Under IRS Top No. 409 a taxpayer has a capital gain for the amount received over the adjusted basis of their exchanged property. This gain could be short or long-term depending on the holding period. Section 1202 states “the adjusted basis of any property contributed to the corporation (or other property with a basis determined in whole or in part by reference to the adjusted basis of the property so contributed) shall be determined as if the basis of the property contributed to the corporation (immediately after such contribution) were equal to its fair market value as of the time of such contribution.” This means that the gain on the property happened before the issuance of the stock; therefore, Section 1202 does not cover the gain on the exchange of property for QSBS. Capital gains taxes will be paid on the transaction involving appreciated property for QSBS. Although Section 1202 does cover the built-in gain, the basis in the QSBS will include the built-in gain, giving the taxpayer a higher basis for the QSBS exclusion cap.
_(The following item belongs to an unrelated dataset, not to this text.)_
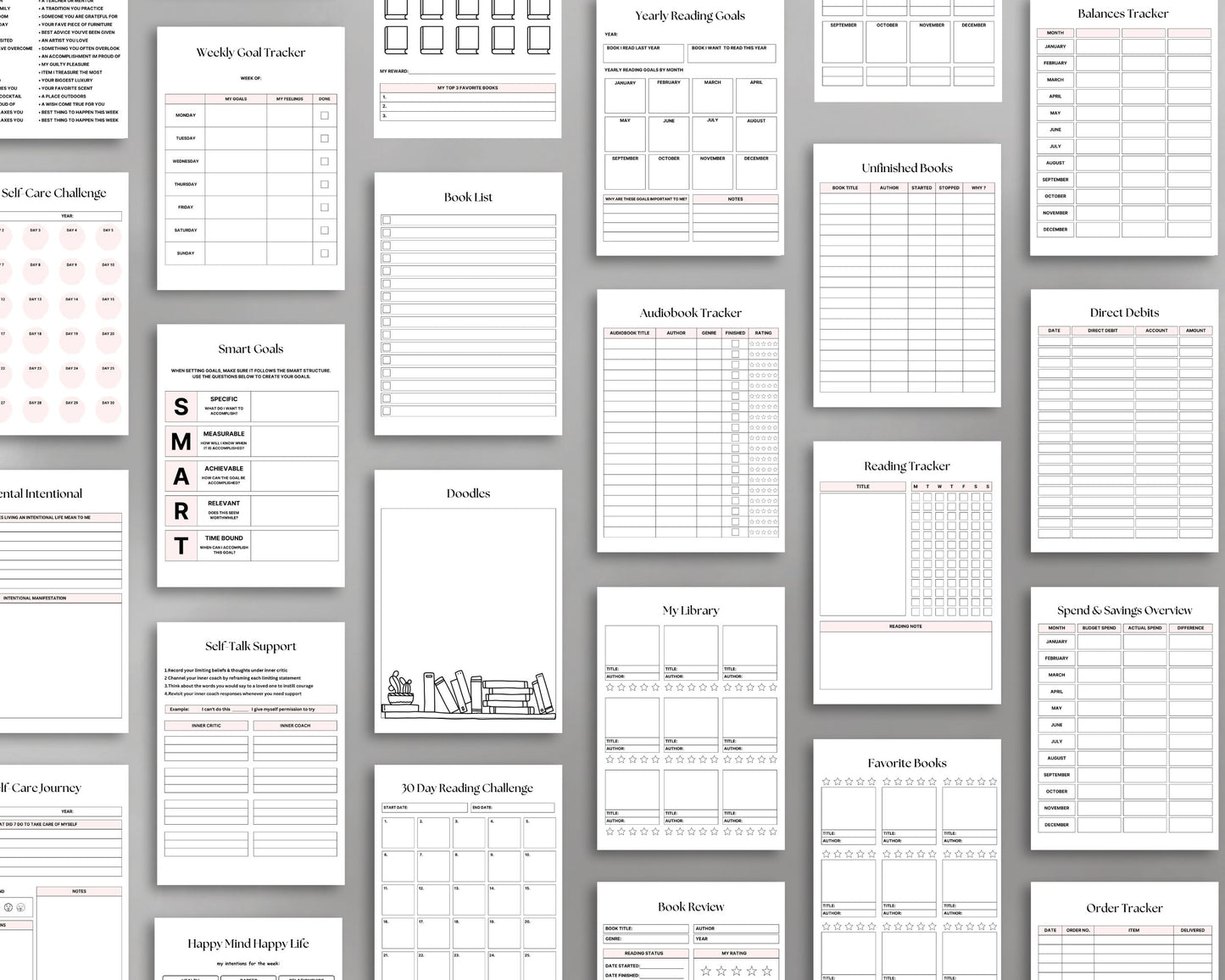 Productivity Planner (140 Pages) – Daily, Weekly & Monthly Goal Tracking | Printable PDF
Below is a hypothetical example.
A taxpayer owns land with a basis of $1M and a recent appraisal of $5M, giving the investor a fair market value of $5M and an unrealized gain of $4M. The taxpayer exchanges the property for $5M worth of QSBS in ABC Corp. The taxpayer realizes the $4M gain on the appreciated property as long-term capital gains. The basis in the QSBS is $5M; therefore, the taxpayer can exclude gains up to $50M ($5M x 10) instead of taking the basis in the land and excluding gains of up to $10M ($1M x 10).